It looks like Google Wallet will have some competition now, as Isis mobile wallet has launched in two trial markets, bringing the mobile payment system to select customers on three of the nation’s largest carriers.
The joint venture of AT&T, Verizon and T-Mobile, Isis uses NFC-equipped smartphones bundled with a special SIM card containing the Isis ‘secure element, which protects credit card information, that allow customers to make mobile purchases at its hundreds of NFC-ready terminals.
Along with the launch of the service, which was slightly delayed from its original Sept. 22 roll out date, T-Mobile and Verizon announced which smartphones would be Isis-compatible, with T-Mo naming Samsung’s latest flagship model, the Galaxy S III, as well as its predecessor, its S Relay 4G cousin, and the HTC Amaze 4G. While Big Red said the Droid Incredible 4G LTE by HTC currently supports Isis, the company will add the Droid RAZR HD and the RAZR MAXX HD to its list of Isis-ready smartphones later this week.
Last week AT&T confirmed that the Galaxy S III, the HTC One X, the Samsung Exhilarate, LG Escape and Samsung Rugby Pro would support the contactless payment system, while customers who already own one of these devices can simply insert the SIM cards into their phones at no extra cost, as can Verizon and T-Mobile subscribers.
As it takes on Google Wallet, which was introduced with some NFC smartphones over a year ago, Isis aims to have 20 models of handsets Isis-ready by the end of the year. Both services use NFC radio chips in phones to communicate with NFC terminals, providing customers with the ability to make purchases via their smartphone.
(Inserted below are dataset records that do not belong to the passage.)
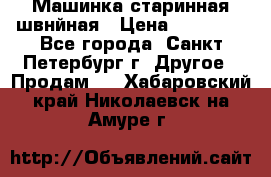 Машинка старинная швнйная › Цена ­ 10 000 - Все города, Санкт-Петербург г. Другое » Продам   . Хабаровский край,Николаевск-на-Амуре г.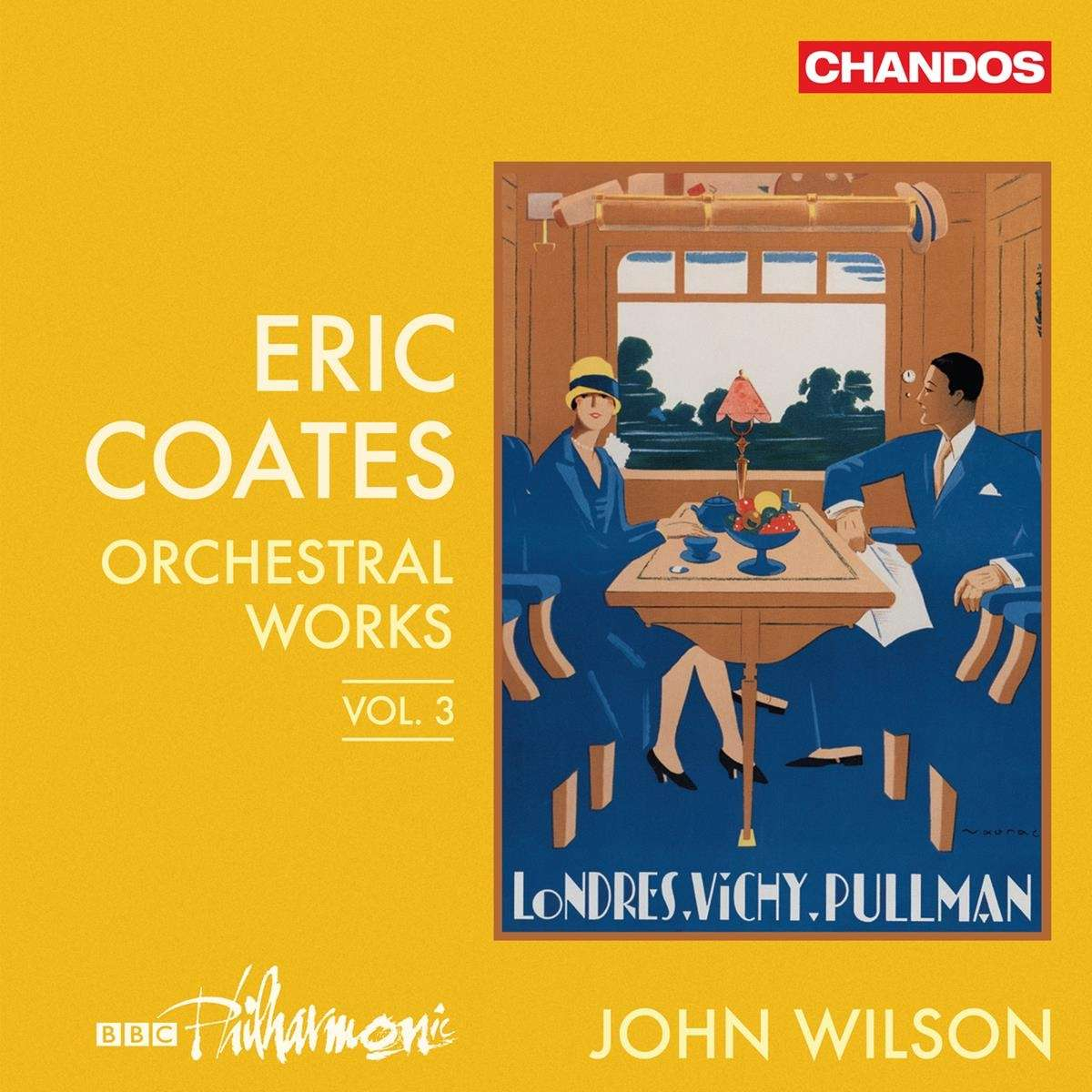 COATES: ORCHESTRAL WORKS, VOL. 3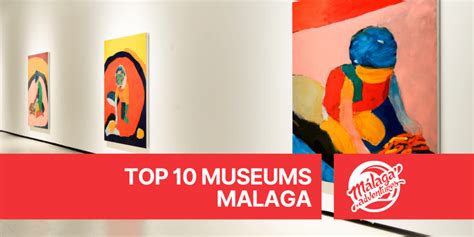 museums to visit in malaga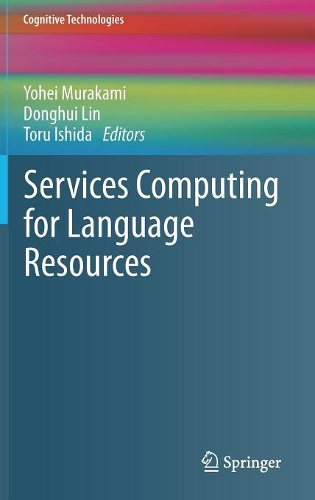 Services Computing for Language Resources: (Cognitive Technologies)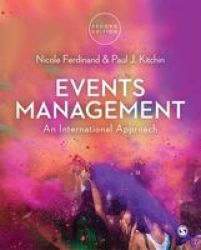 Events Management - An International Approach Paperback 2nd Revised Edition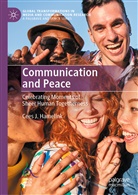 Cees J Hamelink, Cees J. Hamelink - Communication and Peace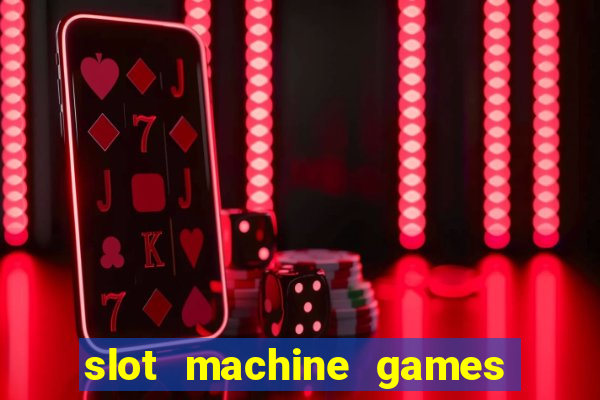 slot machine games with bonus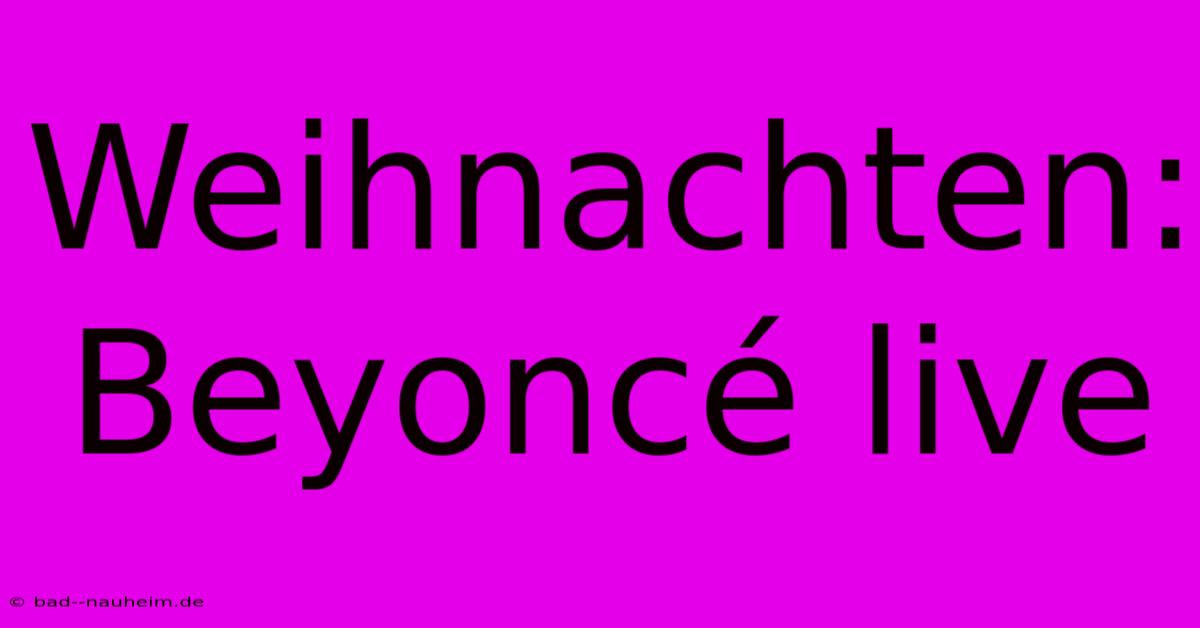 Weihnachten: Beyoncé Live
Yet, unlike its Internet giant-backed competitor, Isis does not accept debit or credit cards from any bank, restricting users to load cards from American Express, Capital One or Chase. Users must download the Isis Mobile Wallet app from the Google Play store before loading a credit card or cash via the Isis Cash card, which must be loaded separately.
While Isis has confirmed that a number of retailers, gas stations and transit providers will be equipped to handle NFC payments, several reports have shown that it may take five to eight years for smartphone-ready mobile commerce to catch on, as consumers still widely use credit cards, and even paper checks, to make payments.